How to Start A Mentoring Program 5 Easy Steps – Updated 2025

Sam Cook

Published:

Last Updated:

How to Start A Mentoring Program 5 Easy Steps – Updated 2025

Congratulations (or condolences)! You’ve been tasked with creating a mentorship program for your organization! But wait, where do you start? You can’t recall ever being in a mentoring relationship yourself, and for that matter, you’re not exactly sure what “mentoring” is. Is it coaching? Is it training? Is it counseling? All of the above, or none of these?

The process of creating a mentoring program can easily get out of control if you don’t take a structured and thoughtful approach. Our guide offers a 5-step process that will show you how to start a mentoring program in a way that reduces the stress and complications many people encounter when they build one for the first time. Our guide is built on our experience working with hundreds of clients across almost every industry who have successfully launched both small and enterprise-level mentoring programs.

This guide breaks the launch process down into the following 5 steps:

  1. Identifying and elaborating on the problem you’re trying to solve
  2. Exploring and selecting the type of mentoring programs that will solve that problem
  3. Aligning the program around measurable goals and objectives
  4. Drafting the program structure and needed resources
  5. Generating internal support from executive leaders

Once you’ve taken care of these 5 steps, your program will be ready to launch in no time!

Take it with you:

Download your action guide on How to Start a Mentoring Program right here

Don’t worry, and don’t panic. We are here to help you.  In this article, we will share helpful tips and best practices for how you can start mentoring in your organization. You can read this in full or jump to specific sections below.

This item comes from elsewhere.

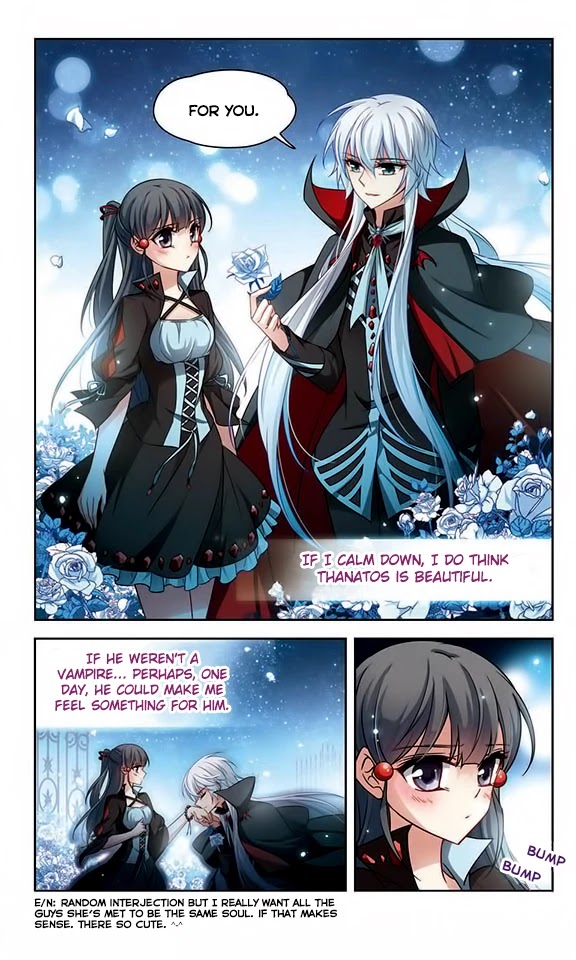 A Journey to The Past Chapter 64 page 8 - Chapter 64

START AT THE TOP: Need a more extensive explanation of mentoring? Try our complete guide to mentoring.

How Do I Start a Mentoring Program? 

Starting a mentoring program from scratch requires careful planning, patience, and internal support. Depending on the size and goals of your program, you may or may not need to obtain a budget. That’s something we’ll explore as we dig further into this guide. That said, the best way to start a mentoring program is to:

  • Identifying your problem
  • Pick a mentoring program format
  • Draft the program structure and needed resources
  • Choose measurable goals and objectives
  • Get executive buy-in

Once each of these steps is taken care of, the speed with which you can launch your program will depend primarily on whether you’re running the program manually or with mentoring software (like MentorcliQ).

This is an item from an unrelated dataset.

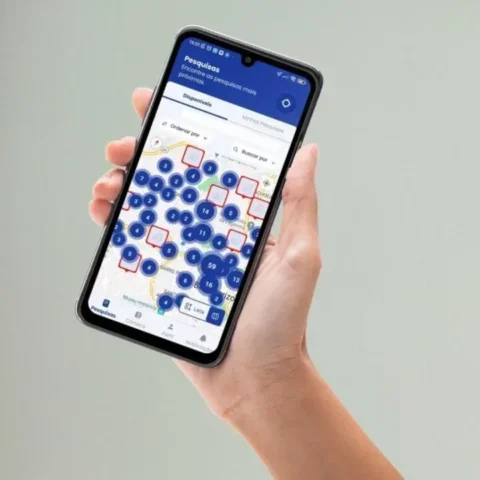 Novo app que registra preços de concorrentes tem meta de 1 milhão de downloads em 2024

Consequently, if you’re trying to explore how to start a mentoring program for the first time, you’re going to need mentoring stats and other data that prove the value and impact that such programs will have on your organization. That kind of information will be critical to getting executive buy-in for your program.

When you begin planning for your mentoring program, keep these  foundational items in mind to help you get set up for success:

  1. Set the purpose. Why are you doing this?
  2. Set the population. Who is this for?
  3. Set the structure. What type of structure will fit your population?

When you’ve defined purpose, population, and structure, you’ve set the foundation for the remaining program launch action items (success measurement and internal support). These elements will help you later design your communication plan along with a survey plan so that you maintain momentum throughout the life of your program.

While these questions are the main drivers of planning your mentorship initiatives, one thing to consider is that there may be additional questions you should ask to get the bigger picture of mentoring in your organization.   Below are eight additional questions you can ask:

Step 1: Identify the Problem Mentoring Can Solve

How to start a mentoring program graphic for step 1, identifying the problem.
Identifying the problem is the best place to start when building a mentoring program.

We can’t stress this enough: Don’t try to start a mentoring program before you’ve identified the problem you think it can solve.

The good (bad) news here is that you have more problems than the day is long, so you won’t struggle to figure out a problem that exists. Given that mentoring is a human-focused strategy, your problem is almost always related to the humans within your organization. Among our own customers, the issues that drive mentoring program development fit into one of three categories:

  • Employee development
  • Employee engagement
  • Employee retention

You can likely fit more specific needs under any of these categories. For example, MentorcliQ customer AMD found it needed more skill development and career development opportunities for its employees. The company built its programs on that need. Both would fall under the “Employee development” category.

You may also consider following worker trends.

According to Statista, over 50 million Americans participated in The Great Resignation in 2022. If you were building mentoring programs at that time, you likely were laser-focused on retention. Times have changed, however. The hiring market is stagnant, so people aren’t quitting in droves. Instead, we’re in the midst of an engagement and productivity crisis. If that rings any bells, you may be looking to launch mentoring programs focused on employee engagement.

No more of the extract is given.